4 thoughts on “Syria In Flames – OpEd

  • August 12, 2012 at 12:39 am

    The problem they face and the outcome they seek are far apart. It does not make it impossible but it is very difficult. For example a decisive military campaign of a short period by a conventional modern military can defeat the opposing force on the battlefield and leave the military structure intact. Like the initial phase of Iraq.

    The strategy being used in Syria by the FSA as they cannot defeat the opposing forces decisively in a short period of time, via battlefield superiority. Is to via attrition deconstruct of the over all structure of the military, this is what insurgency, guerrilla warfare aims to achieve, against a superior fighting force both technically an numerically.

    So it is very hard to stop just short of deconstructing the force structure and the military as a whole and achieve battlefield superiority over the enemy.
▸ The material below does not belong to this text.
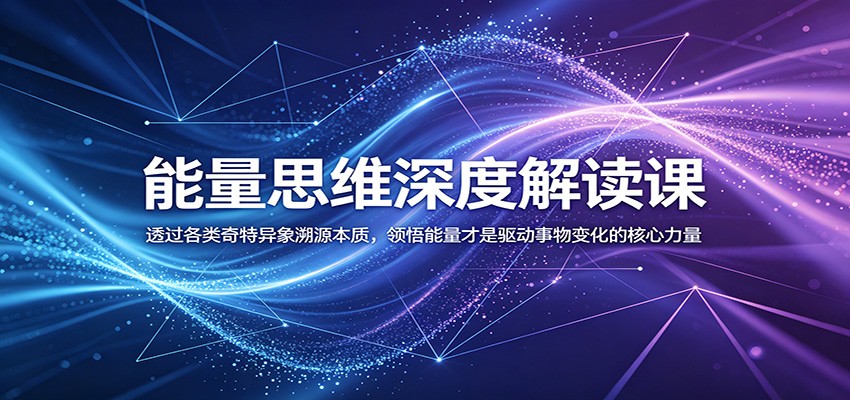 能量思维深度解读课:透过各类奇特异象溯源本质,领悟能量才是驱动事物变化的核心力量-阿牛笔记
    Halt the offensives too early and the enemy will regroup, too late and the military will fall apart. Due to the compartmentalized nature of the command structure and units of the FSA you will find it hard to get accurate situational reports, and they will be conflicting in assessment. Then there is the issue of command and control to issue such orders due to the decentralized nature of the command structure.

    So if it was me I would be recruiting men from the refugee camps and FSA members for a trained and post Assad security force to provide demilitarized security of around 250,000 in their host countries.

    So if you get it wrong you have a back up and I question the ability to keep the Assad forces structure in place due reasons mentioned and whether that should guide overall battlefield strategy. The overall guide of the current strategy is post Assad, when the only objective should be defeating the regime.

  • August 12, 2012 at 12:47 am

    Otherwise by late 2013 military operations will have to cease, run the risk that Assad can regroup and economic warfare will have to be used until the regime collapses but the security forces stay intact. You have to adopt a strategic holding pattern, I could not say how long that would take, but the refugees are billeted until 2015/16. It could take that long.

  • August 12, 2012 at 12:53 am

    Too put it in simple terms the FSA cannot fight on the front lines and conduct 3 month military training on foreign soil at the same time. So the 250,000 FSA trained are reserve units and can be used to bolster front line units and provide security for the day after. It is the Bay of Pigs training up the Cuban’s in the US was a good idea, it was just the operation that failed.

  • August 12, 2012 at 1:38 am

    Why the FSA make ground on the regime, is because while the majority many not be well trained, the FSA is outgunned and out numbered, by a superior force structure.

    But it is the tempo of the FSA operations, that is their advantage. If the regime pulled back to regroup the FSA will push forward the tempo, strategic depth, regardless of the new FSA security bubbles. No rest for the regimes forces, no respite from the battle.

    That is why a strategic holding pattern could be a major mistake and allow Assad to regroup, even while economic warfare is used. A strategic holding pattern would go from security bubbles being held, to the ROE forced on the FSA by the SNC before it was junked an the war could go on for many more years, at least another three. Including the beginning in 2011 to 2013, then two years of economic warfare till 2016, that is 7 years. And could end in a stalemate or defeat. It is more likely the war would be started all over again and the FSA would have to fight to get to the same point of the regime on the brink of collapse in 2013. Then either push on and the security forces will collapse anyway or another go at economic warfare which may allow Assad to regroup again.

    The FSA are tenacious and that is why the tactical retreats work for the FSA due to the higher tempo and which creates overall momentum, even when launching a tactical retreat, the FSA still have overall momentum, when looking at the overall big picture of the war.

    If people really wanted to swing the battle the FSA’s way night vision goggles would be supplied to the FSA. No point asking as it could not be obtained in the required numbers for the ANA.